Вспыхнут ли звезды — я вспомню, что прежде блистали
Эти же звезды. А выйду случайно к парому, —
Прежде — подумаю — эти же весла плескали…
Будто о жизни и думать нельзя по-другому!
И вот тут-то начинаешь понимать вдруг, что, может быть, в том и заключается опыт души и сердца, чтобы научиться отзываться на звук Глагола, затерянный в древних, смутных и неясных смыслах. И стихают пораженные силой Глагола глухие стоны на темном кладбище, отступают бурьян и нежить, которым так привольно и на нашей земле, и в нас самих…
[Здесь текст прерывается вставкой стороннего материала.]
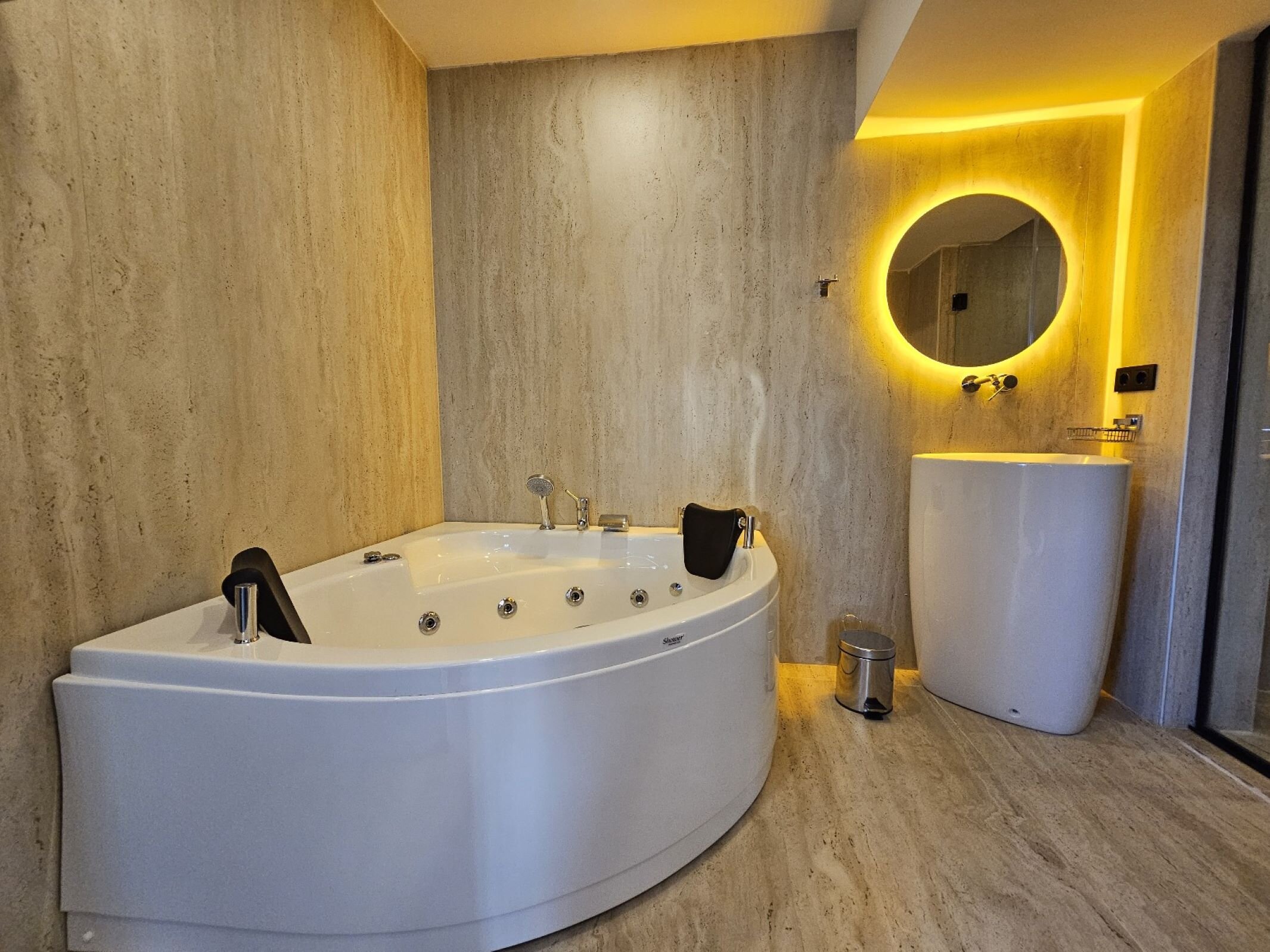 Şehir Manzaralı Suit 2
И не в этом ли заключена магическая сила рубцовской поэзии, не в этом ли и состоит его великий подвиг — подвиг Путника, стоящего на краю поля?
Судьба… Путь…
Рубцов не выбирал своей судьбы, он только предугадывал ее. Он не мог изменить судьбы, но всегда узнавал ее, когда она являлась ему… В конце декабря 1964 года он покинул деревню и сел на поезд, который должен был отвезти его в Вологду, а потом и в Москву.
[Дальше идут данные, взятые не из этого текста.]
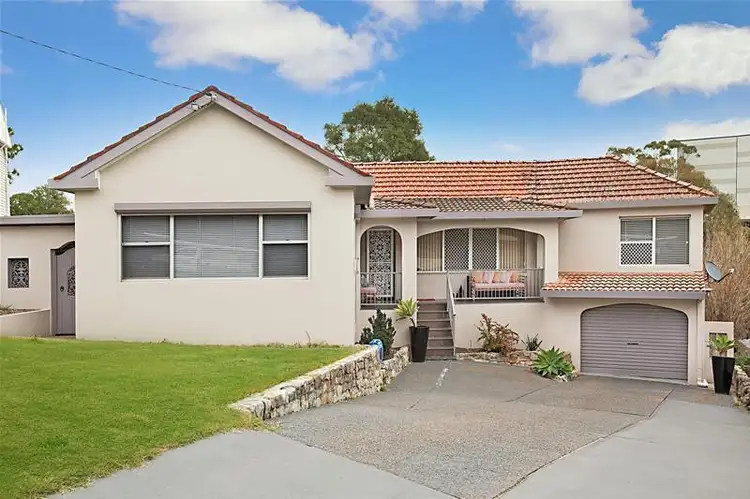 2 Noel Avenue, Adamstown NSW 2289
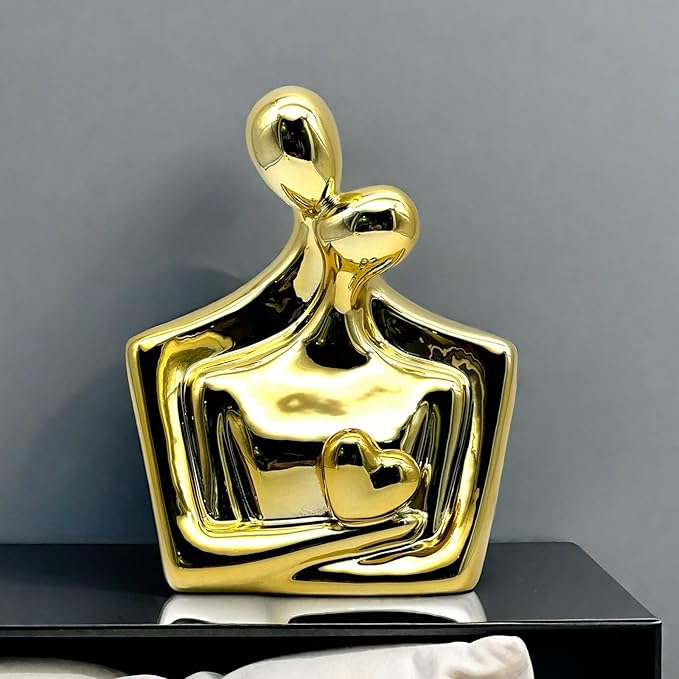 Couple Sweethearts Lover Hug Electroplate Statue Figurines Sculpture Ceramic Collectible Gifts for Office Home Decor Desk Accessories Decoration Figurine (Gold)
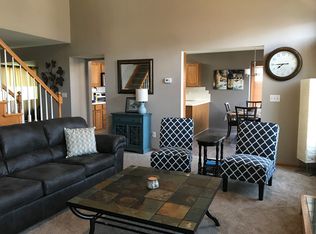 1214 N 7th St, Indianola, IA 50125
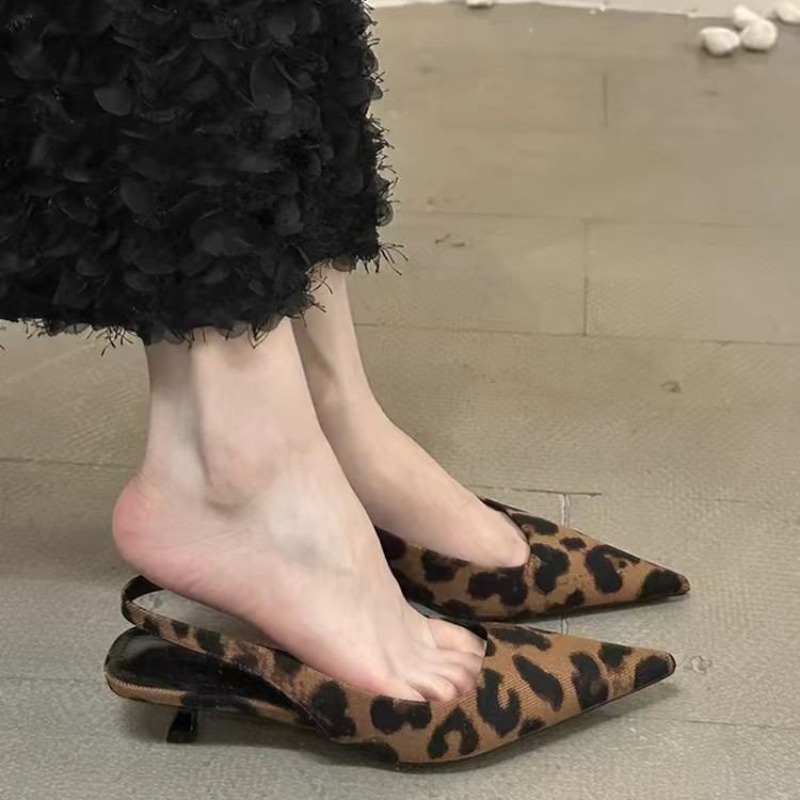 Women Fashion Ideas - รองเท้าส้นสูงแบบสวมสำหรับผู้หญิง แฟชั่นฤดูใบไม้ผลิ/ฤดูร้อน หัวแหลม ประดับสายรัด เหมาะสำหรับงานปาร์ตี้ รองเท้าส้นสูงแบบสตริปเปอร์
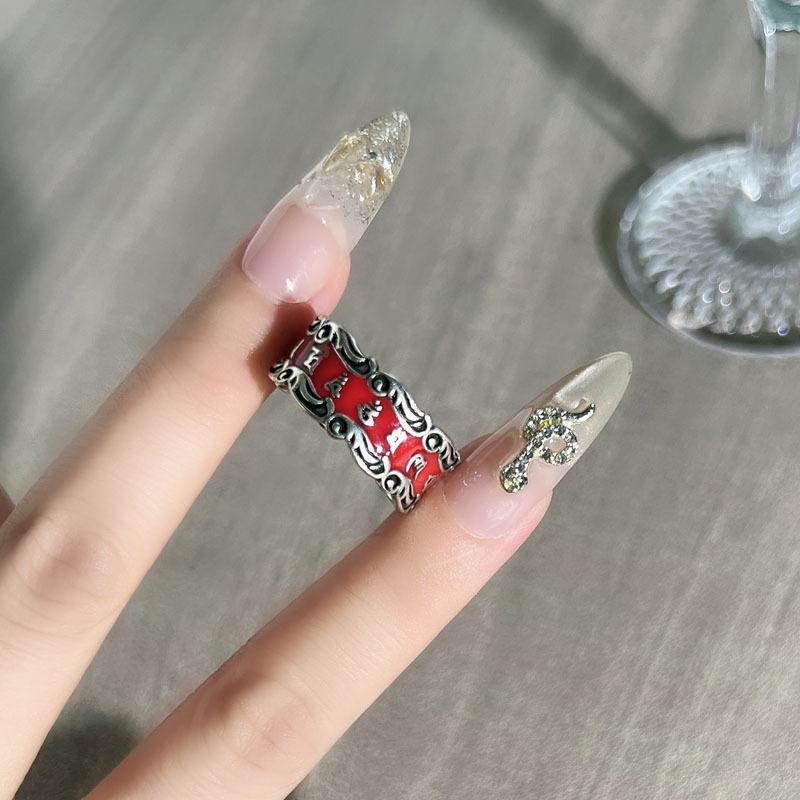 Retro Curly Grass Pattern Six-character Mantra Ring Niche Design Sense of National Tide Literary Style Fashion Light Luxury Cross Ring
Поезд мчался с грохотом и воем,
Поезд мчался с лязганьем и свистом,
И ему навстречу желтым роем
Понеслись огни в просторе мглистом…
Так пытался убежать из своей деревни герой «Привычного дела» Иван Африканович, так уезжал и Рубцов… Ни в коей мере не пытаюсь я сблизить героя повести В. Белова и великого русского поэта, но по своей кровной сути оба они — сыновья своей земли, отрываясь от которой уже перестают быть собою.